NEW YORK — Mary Tyler Moore, the star of TV’s beloved “The Mary Tyler Moore Show” whose comic realism helped revolutionize the depiction of women on the small screen, died Wednesday.

Moore died with her husband and friends nearby, her publicist, Mara Buxbaum, said. She was 80.

Moore gained fame in the 1960s as the frazzled wife Laura Petrie on “The Dick Van Dyke Show.” In the 1970s, she created one of TV’s first career-woman sitcom heroines in “The Mary Tyler Moore Show.”

She won seven Emmy awards over the years and was nominated for an Oscar for her 1980 portrayal of an affluent mother whose son is accidentally killed in “Ordinary People.”

She had battled Type 1 diabetes for many years. In 2011, she underwent surgery to remove a benign tumor on the lining of her brain.
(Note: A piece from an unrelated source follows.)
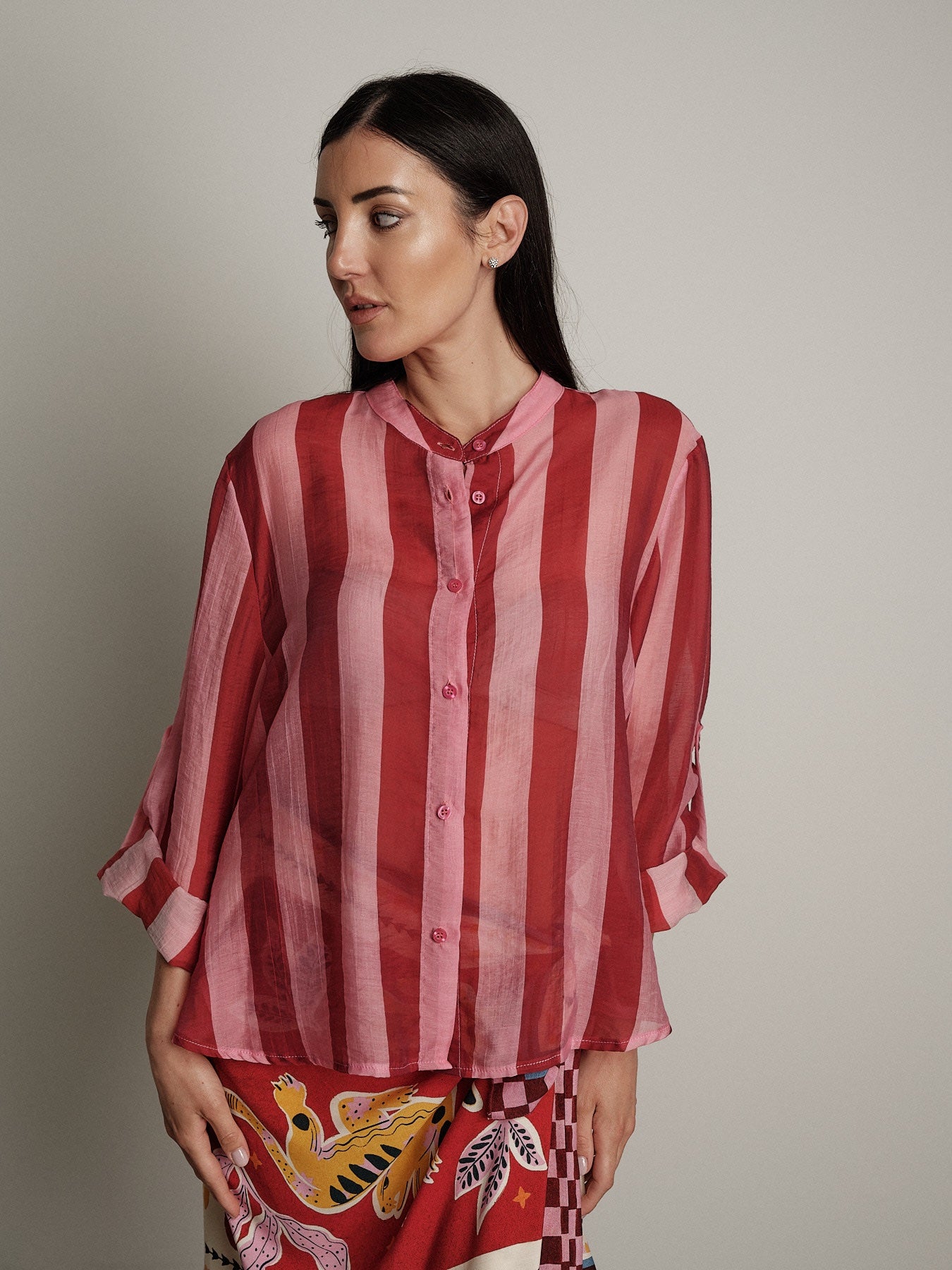 Camicia "virale" rossa/fucsia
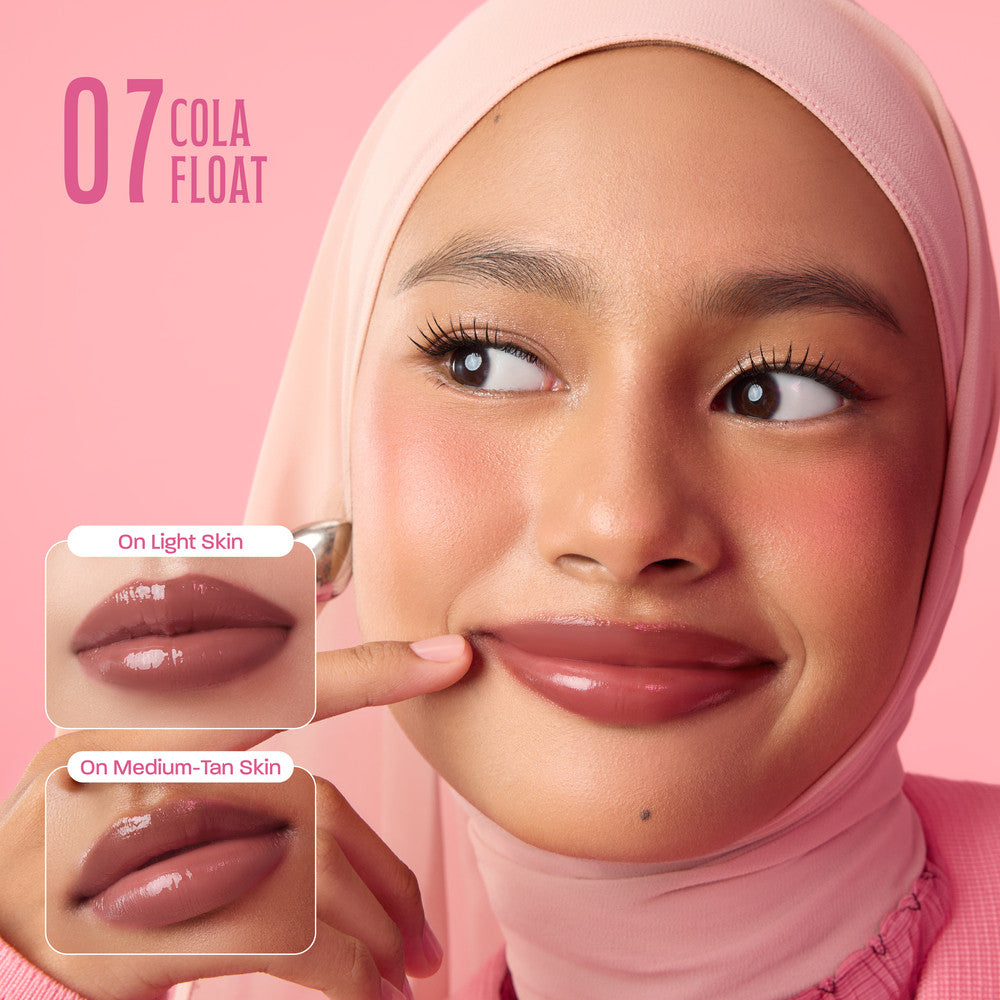 NEW! WARDAH Glossicle Peptide Balm - Ombre Glossicle - Dilengkapi dengan Peptide & UV Filter - Memperkuat Lip Barrier - Tidak Lengket- Glossy - Lip Balm -Lip Tint - Makeup - Natural Gloss - Glossy - Tinted Balm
Moore’s first major TV role was on the classic sitcom “The Dick Van Dyke Show,” in which she played the young homemaker wife of Van Dyke’s character, comedy writer Rob Petrie, from 1961 to 1966.

But it was as Mary Richards, the plucky Minneapolis TV news producer on “The Mary Tyler Moore Show” (1970-77), that Moore truly made her mark.

At a time when women’s liberation was catching on worldwide, her character brought to TV audiences an independent, 1970s career woman.

Mary Richards was comfortable being single in her 30s, and while she dated, she wasn’t desperate to get married. She sparred affectionately with her gruff boss, Lou Grant, played by Ed Asner and addressed always as “Mr. Grant.” And millions agreed with the show’s theme song that she could “turn the world on with her smile.”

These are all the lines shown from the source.